Data extract START

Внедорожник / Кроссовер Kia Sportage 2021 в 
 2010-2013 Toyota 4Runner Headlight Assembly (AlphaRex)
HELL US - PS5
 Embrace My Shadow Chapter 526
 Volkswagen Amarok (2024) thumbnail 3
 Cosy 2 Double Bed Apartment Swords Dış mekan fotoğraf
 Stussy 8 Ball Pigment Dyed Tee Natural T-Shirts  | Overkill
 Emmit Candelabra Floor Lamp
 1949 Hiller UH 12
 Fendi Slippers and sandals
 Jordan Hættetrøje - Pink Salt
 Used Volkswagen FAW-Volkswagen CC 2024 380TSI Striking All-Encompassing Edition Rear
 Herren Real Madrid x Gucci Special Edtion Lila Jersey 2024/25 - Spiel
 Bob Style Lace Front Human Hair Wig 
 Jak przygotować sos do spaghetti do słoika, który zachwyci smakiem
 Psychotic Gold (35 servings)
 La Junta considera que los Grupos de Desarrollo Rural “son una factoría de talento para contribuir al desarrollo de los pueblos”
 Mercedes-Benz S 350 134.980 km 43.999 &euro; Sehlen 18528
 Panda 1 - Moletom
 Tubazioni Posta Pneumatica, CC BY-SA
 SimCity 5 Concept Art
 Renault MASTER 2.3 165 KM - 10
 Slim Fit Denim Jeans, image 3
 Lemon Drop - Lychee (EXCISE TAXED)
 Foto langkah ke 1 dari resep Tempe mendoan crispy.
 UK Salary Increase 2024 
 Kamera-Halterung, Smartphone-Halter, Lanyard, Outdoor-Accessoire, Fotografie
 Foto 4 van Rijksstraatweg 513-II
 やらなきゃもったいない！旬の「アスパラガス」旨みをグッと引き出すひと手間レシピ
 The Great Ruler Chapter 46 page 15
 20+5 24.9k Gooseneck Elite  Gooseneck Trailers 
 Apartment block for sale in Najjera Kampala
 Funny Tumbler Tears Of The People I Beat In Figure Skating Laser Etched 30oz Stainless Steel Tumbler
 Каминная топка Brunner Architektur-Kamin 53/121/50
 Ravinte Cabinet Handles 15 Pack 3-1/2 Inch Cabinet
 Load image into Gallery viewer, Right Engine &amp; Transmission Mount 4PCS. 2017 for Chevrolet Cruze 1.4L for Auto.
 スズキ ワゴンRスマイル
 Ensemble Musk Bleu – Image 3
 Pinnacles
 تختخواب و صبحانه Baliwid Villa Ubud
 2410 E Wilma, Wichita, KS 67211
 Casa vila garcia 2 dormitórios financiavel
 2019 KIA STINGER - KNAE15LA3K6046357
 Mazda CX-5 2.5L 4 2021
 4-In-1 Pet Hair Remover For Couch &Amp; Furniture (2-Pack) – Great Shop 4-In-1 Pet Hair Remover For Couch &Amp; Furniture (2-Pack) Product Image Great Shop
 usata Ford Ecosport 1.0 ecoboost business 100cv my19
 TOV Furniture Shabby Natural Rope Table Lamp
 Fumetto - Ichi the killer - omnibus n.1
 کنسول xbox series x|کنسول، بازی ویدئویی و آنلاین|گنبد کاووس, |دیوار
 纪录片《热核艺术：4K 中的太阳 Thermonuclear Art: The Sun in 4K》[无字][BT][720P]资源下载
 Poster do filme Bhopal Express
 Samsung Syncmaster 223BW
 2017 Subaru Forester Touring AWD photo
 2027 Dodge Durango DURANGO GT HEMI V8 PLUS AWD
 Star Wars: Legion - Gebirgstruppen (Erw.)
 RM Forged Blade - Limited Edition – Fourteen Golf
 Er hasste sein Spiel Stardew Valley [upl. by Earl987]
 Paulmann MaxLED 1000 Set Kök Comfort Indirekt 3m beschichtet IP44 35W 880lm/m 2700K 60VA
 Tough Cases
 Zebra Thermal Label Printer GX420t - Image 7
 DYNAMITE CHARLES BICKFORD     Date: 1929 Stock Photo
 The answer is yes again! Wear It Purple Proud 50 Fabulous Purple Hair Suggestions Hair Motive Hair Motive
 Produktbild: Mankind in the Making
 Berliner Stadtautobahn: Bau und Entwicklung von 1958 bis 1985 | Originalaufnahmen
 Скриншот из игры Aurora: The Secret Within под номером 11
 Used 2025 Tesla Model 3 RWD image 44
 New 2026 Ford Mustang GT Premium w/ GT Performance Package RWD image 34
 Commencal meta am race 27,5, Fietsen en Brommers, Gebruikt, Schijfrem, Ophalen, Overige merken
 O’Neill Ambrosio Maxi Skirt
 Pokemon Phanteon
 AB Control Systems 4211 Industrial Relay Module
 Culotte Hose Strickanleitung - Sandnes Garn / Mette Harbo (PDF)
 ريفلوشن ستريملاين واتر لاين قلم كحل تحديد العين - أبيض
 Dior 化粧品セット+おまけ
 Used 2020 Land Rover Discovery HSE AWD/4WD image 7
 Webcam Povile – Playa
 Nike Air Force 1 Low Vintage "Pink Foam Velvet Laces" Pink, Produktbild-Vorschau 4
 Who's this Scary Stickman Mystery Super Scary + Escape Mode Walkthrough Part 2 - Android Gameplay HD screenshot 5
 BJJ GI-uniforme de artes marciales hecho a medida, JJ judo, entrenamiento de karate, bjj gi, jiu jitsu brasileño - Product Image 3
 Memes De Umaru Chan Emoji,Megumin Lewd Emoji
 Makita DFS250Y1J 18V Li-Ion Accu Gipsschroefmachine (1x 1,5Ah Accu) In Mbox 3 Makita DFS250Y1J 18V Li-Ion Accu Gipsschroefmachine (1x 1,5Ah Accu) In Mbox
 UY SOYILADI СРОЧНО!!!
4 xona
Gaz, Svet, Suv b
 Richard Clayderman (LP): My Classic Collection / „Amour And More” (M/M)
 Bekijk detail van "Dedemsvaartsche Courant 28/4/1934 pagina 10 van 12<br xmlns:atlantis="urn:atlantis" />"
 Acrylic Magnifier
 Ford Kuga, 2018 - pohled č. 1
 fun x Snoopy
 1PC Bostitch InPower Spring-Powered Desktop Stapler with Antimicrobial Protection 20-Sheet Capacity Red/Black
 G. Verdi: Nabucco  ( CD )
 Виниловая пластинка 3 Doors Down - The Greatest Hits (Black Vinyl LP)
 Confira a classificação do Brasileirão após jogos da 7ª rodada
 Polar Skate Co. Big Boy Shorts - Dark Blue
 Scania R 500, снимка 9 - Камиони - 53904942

Data extract END

* _Task to carry out_:
Word for word, reproduce the listing above from its start up to and including the line that has "Jak przygotować sos". Give only those lines.

* _Exercise output_:
Внедорожник / Кроссовер Kia Sportage 2021 в 
 2010-2013 Toyota 4Runner Headlight Assembly (AlphaRex)
HELL US - PS5
 Embrace My Shadow Chapter 526
 Volkswagen Amarok (2024) thumbnail 3
 Cosy 2 Double Bed Apartment Swords Dış mekan fotoğraf
 Stussy 8 Ball Pigment Dyed Tee Natural T-Shirts  | Overkill
 Emmit Candelabra Floor Lamp
 1949 Hiller UH 12
 Fendi Slippers and sandals
 Jordan Hættetrøje - Pink Salt
 Used Volkswagen FAW-Volkswagen CC 2024 380TSI Striking All-Encompassing Edition Rear
 Herren Real Madrid x Gucci Special Edtion Lila Jersey 2024/25 - Spiel
 Bob Style Lace Front Human Hair Wig 
 Jak przygotować sos do spaghetti do słoika, który zachwyci smakiem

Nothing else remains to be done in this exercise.